ギャンブリング障害(ギャンブル等依存症)では欠かせない質問

 Lori Rugle(コネチカット州メンタルヘルス・アディクション対策部問題ギャンブル回復支援室長:2014年当時)によれば、ギャンブリング障害(ギャンブル等依存症)の生物学的因子を明らかにする質問として、以下の子ども時代についての質問が欠かせないという。

・学校の特殊学級に割り当てられたことがありますか?
・あなたは、「劣等生だ」といわれたことがありますか? あるいは、あなたの知能ならば、もっと良い成績がとれるはずだ、と言われたことがありますか?
・学校で集中力を保つのが難しいことはありましたか?
・子どものときに、集中力を保つのに役立つ、あるいは過活動を抑えるのに役立つ薬を処方されたことがありましたか?

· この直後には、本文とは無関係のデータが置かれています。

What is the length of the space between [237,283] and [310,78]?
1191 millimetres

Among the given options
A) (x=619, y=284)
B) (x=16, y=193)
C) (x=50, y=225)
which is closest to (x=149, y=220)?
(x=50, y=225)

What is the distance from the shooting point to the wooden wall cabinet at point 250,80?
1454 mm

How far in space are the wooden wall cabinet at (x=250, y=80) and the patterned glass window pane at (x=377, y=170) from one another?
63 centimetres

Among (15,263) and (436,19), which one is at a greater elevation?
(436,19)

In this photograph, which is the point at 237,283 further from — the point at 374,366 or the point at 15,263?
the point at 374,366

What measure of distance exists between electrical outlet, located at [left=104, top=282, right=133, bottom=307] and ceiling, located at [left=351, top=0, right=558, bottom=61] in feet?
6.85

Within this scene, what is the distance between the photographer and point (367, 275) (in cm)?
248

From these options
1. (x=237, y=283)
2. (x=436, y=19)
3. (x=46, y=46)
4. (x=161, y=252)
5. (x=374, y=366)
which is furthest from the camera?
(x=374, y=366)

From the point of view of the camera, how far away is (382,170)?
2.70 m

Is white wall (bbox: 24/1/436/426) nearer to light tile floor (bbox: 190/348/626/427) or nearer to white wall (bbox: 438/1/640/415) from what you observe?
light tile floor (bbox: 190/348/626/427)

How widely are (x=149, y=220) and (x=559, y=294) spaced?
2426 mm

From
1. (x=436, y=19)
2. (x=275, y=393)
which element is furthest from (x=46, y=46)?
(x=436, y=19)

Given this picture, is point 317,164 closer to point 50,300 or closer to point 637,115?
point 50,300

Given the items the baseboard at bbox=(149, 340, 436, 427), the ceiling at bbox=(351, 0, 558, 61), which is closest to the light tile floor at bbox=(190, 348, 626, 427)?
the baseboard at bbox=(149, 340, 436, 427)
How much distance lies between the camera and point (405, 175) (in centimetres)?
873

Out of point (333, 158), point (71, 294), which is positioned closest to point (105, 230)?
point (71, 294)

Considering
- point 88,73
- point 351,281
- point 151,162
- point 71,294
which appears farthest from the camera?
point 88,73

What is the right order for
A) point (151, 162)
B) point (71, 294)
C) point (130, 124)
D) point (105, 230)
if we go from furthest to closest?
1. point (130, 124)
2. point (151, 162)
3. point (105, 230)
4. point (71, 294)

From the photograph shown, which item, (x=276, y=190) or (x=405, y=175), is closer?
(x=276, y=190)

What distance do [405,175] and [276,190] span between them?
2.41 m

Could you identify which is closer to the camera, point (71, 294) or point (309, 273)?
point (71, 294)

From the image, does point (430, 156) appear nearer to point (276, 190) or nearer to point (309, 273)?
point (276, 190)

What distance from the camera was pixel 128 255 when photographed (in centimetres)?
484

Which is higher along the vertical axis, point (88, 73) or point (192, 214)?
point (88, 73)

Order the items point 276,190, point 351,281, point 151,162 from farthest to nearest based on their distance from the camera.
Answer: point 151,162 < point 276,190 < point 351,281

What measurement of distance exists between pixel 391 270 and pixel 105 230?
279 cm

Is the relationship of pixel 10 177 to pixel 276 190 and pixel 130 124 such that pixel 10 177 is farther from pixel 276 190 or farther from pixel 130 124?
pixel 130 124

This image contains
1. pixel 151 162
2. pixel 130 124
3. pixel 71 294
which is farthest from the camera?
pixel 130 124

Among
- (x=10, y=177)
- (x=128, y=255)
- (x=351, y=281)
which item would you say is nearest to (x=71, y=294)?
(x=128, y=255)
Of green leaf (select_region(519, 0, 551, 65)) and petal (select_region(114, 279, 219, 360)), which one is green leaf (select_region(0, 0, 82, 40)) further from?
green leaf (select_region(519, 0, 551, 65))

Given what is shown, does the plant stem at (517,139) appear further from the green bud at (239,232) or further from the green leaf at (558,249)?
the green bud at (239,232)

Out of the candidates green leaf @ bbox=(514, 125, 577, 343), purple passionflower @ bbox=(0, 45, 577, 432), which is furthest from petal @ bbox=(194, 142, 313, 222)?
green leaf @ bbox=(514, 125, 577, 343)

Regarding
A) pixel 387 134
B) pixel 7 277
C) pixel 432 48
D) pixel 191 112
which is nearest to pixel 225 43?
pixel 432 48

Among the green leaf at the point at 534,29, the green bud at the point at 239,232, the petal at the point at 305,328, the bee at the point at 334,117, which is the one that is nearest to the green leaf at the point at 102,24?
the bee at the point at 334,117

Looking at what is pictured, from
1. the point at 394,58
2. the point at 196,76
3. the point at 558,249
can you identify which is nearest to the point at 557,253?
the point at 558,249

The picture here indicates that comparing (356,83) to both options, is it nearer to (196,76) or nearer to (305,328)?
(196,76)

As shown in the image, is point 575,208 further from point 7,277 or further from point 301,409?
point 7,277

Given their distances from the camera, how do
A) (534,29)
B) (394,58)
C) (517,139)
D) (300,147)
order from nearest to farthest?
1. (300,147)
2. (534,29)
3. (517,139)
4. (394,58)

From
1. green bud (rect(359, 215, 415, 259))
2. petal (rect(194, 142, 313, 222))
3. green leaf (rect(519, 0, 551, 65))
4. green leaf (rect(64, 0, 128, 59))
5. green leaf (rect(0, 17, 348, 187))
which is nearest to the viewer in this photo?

・子どものとき、頻繁にトラブルを起こしましたか? それは、どのようなトラブルでしたか?
・あなたは、クラスの道化役(人気者)でしたか?
・学校でじっと座っていることが出来ましたか?
・読書やスペル(つづり)の学習が困難でしたか?

 発達の問題に興味のある人なら、ピンとくる質問だが、これらはADHD(注意欠如多動症)、学習障害、素行症的な要素についての質問でもある。Lori Rugleによれば、この質問が重要なのは、ギャンブリング問題の発生に対する遺伝的脆弱性があること(Comingsら 2001、Ibanezら 2001、Eisenら 1997、Slutskeら 2010)、問題ギャンブラーには前頭葉などの問題があり、それが実行機能の障害と結びついている可能性が示唆されているから(Potenzaら 2001、Goudriaanら 2004、Rugleら 1933)だという。これらの生物学的な脆弱性が、行動阻害と衝動性、問題解決と判断にかかわる障害を招き、調整機能に影響を与えているというわけだ。

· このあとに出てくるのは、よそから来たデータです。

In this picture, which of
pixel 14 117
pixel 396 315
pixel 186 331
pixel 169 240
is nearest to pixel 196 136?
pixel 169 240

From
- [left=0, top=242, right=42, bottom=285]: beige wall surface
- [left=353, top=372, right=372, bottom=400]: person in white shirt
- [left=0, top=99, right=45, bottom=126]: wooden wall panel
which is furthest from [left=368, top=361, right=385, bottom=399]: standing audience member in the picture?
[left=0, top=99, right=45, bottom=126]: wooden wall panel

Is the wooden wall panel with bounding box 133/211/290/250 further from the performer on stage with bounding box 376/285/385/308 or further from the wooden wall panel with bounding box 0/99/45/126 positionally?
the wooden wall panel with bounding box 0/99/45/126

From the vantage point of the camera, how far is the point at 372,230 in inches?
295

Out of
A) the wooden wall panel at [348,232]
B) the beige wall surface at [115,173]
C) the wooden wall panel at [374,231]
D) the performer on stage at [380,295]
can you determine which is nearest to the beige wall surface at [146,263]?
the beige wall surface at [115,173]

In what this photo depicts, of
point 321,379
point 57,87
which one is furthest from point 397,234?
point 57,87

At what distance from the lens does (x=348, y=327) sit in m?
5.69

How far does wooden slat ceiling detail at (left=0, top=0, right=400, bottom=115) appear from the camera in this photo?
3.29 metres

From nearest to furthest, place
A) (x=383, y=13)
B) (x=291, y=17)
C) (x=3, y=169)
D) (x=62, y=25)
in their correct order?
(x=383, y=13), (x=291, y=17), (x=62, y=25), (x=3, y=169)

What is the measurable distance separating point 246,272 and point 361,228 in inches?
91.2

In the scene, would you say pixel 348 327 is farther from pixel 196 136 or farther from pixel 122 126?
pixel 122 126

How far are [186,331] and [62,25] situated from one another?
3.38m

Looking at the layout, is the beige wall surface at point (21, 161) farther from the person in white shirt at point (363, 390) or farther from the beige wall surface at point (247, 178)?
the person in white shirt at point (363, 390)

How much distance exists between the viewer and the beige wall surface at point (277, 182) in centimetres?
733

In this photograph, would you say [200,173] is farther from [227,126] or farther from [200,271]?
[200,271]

 ギャンブリングで脳が・・・というより、脳の元来の脆弱性がギャンブリングでの問題を生みやすくしており、そのことと発達の問題、あるいは発達の問題に連なりうる問題がかかわっているというわけだ。また、ギャンブリングの問題を抱えている人の中に、子どものときに虐待やネグレクトを経験したものが多いので(Hodginsら 2010、Kauschら 2006、Pettyら 2005)、この確認も重要だという。河本によれば日本でもこの問題が多く散見されるという。
 なお、こうした子ども時代についてや発達問題を含むアセスメントの大切さについて、日本のギャンブリング障害回復支援の先駆け、ワンデーポートでは、12ステップが合わない人の発見などを通して、古くから言及している。わたしが回復支援団体の中でワンデーポートが先進的だと考える理由の一つはこれ。